## Data extract
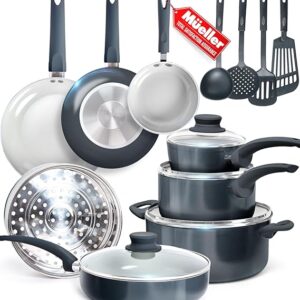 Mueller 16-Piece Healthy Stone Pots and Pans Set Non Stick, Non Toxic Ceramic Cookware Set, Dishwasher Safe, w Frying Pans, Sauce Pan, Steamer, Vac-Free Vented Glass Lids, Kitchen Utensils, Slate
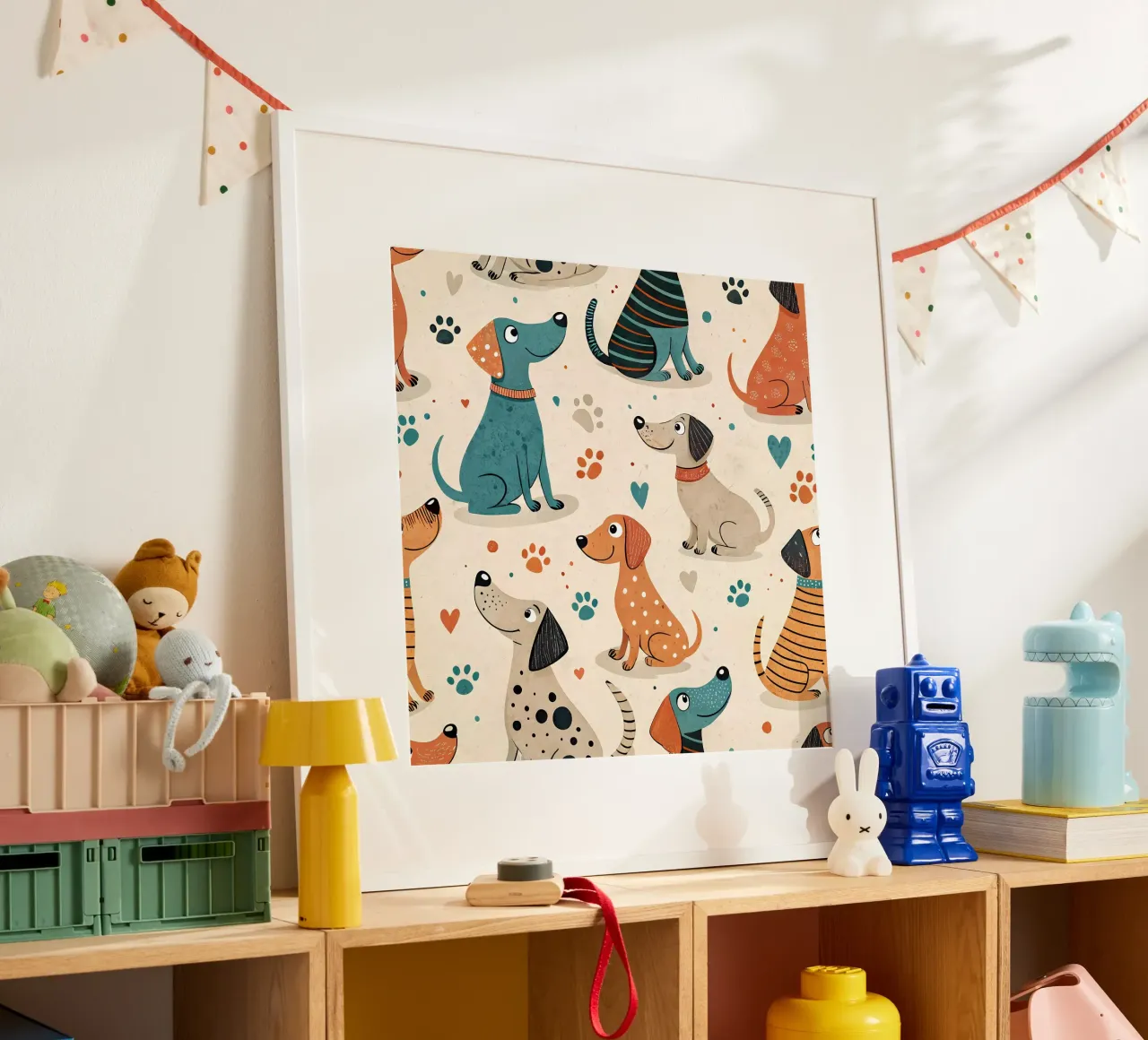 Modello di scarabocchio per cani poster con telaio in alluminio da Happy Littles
* * *
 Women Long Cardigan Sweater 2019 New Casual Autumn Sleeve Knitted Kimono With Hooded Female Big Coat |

## Task instructions
Out of the records above, set down only the lines from the one that contains "Mueller 16-Piece Healthy" through the one that contains "Modello di scarabocchio", unchanged and without the pictures.

## Solution
 Mueller 16-Piece Healthy Stone Pots and Pans Set Non Stick, Non Toxic Ceramic Cookware Set, Dishwasher Safe, w Frying Pans, Sauce Pan, Steamer, Vac-Free Vented Glass Lids, Kitchen Utensils, Slate
 Modello di scarabocchio per cani poster con telaio in alluminio da Happy Littles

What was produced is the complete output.